Currently I'm working with a dataset of Gender-Based violence. I have several dimensions such as physical, sexual or psychological violence and several indicators for each dimension, everyone with a set of 6 to 10 indicators. Also, I have two measures of time: within the last 12 months and before the last 12 months. Long story short, at least I'm working with 70 indicators.

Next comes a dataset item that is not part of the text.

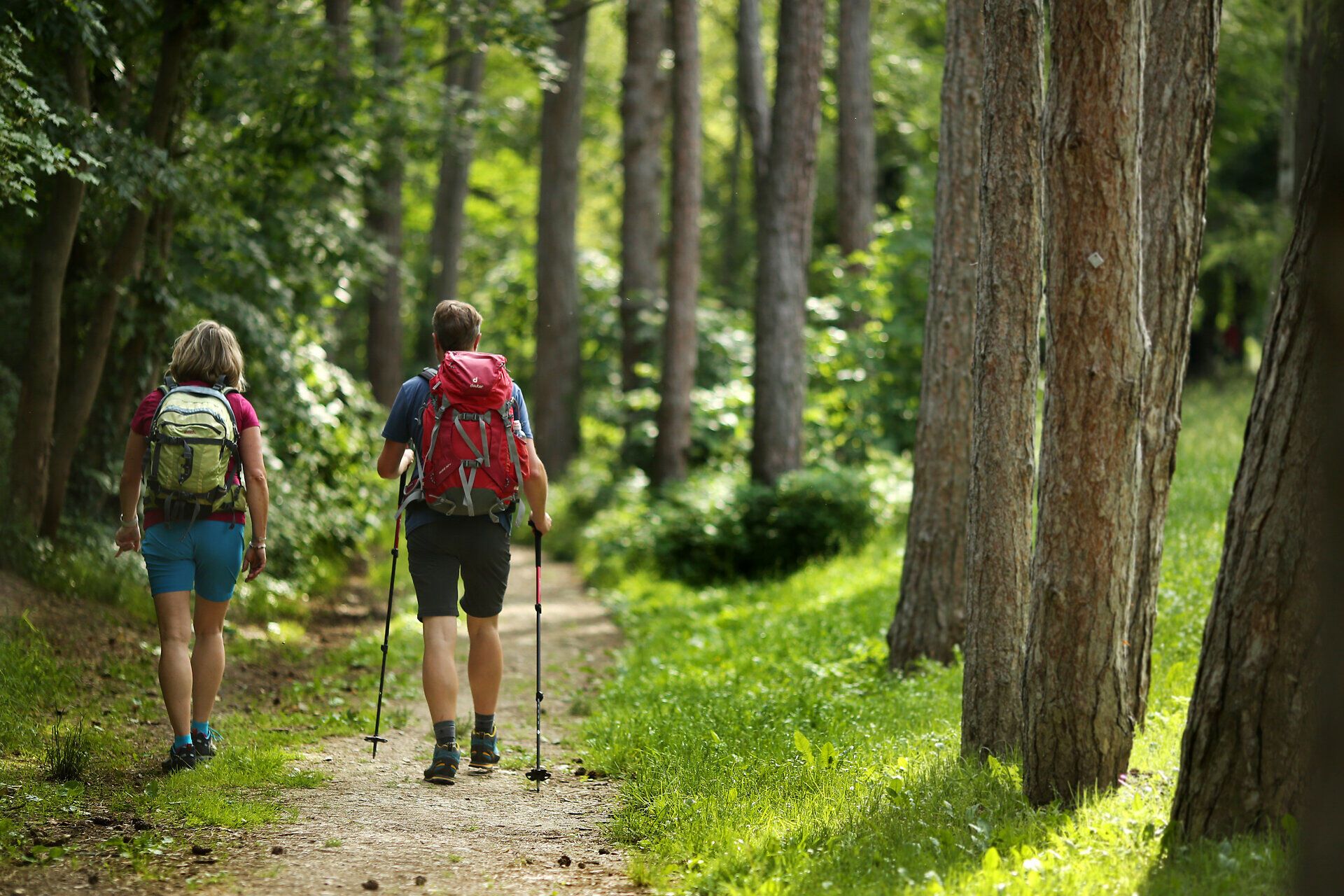 Zwei Wanderer genießen die frische Luft und die Ruhe des Waldes, während sie den Wiener Wallfahrerweg entlang schreiten. Umgeben von hohen Bäumen und üppigem Grün, vermittelt die Szenerie ein Gefühl von Freiheit und Abenteuer. Die sanften Geräusche der Natur begleiten sie auf ihrem Weg zu neuen Entdeckungen.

I have to create a variable "some point in life" that indicates wether a woman suffered violence in any dimension, in any period of time. So, if a woman indicate yes in any of the 70 indicators, she suffered violence at some point in her life.
My question is how can I create that new variable more quickly, because the only thing that I'm thinking its something like
base <- base %>% mutate(newvariable= case_when(v1 == 1 | v2 == 1 | v3 == 1 ~ ... 1))
But I have 70 variables. So, can I create this new variable with a condition or within a range of variables?
CodePudding user response:
You can do:
library(dplyr)
mydf <- data.frame(a = sample(c(0,1), 10, replace = TRUE),
b = sample(c(0,1), 10, replace = TRUE),
c = sample(c(0,1), 10, replace = TRUE))
mydf |>
rowwise() |>
mutate(outcome = if_else(sum(c_across(everything())) >= 1, TRUE, FALSE)) |>
ungroup()
# A tibble: 10 x 4
a b c outcome
<dbl> <dbl> <dbl> <lgl>
1 0 0 0 FALSE
2 1 0 1 TRUE
3 0 0 1 TRUE
4 1 0 0 TRUE
5 1 1 0 TRUE
6 1 0 1 TRUE
7 1 0 1 TRUE
8 0 1 1 TRUE
9 1 0 1 TRUE
10 0 0 1 TRUE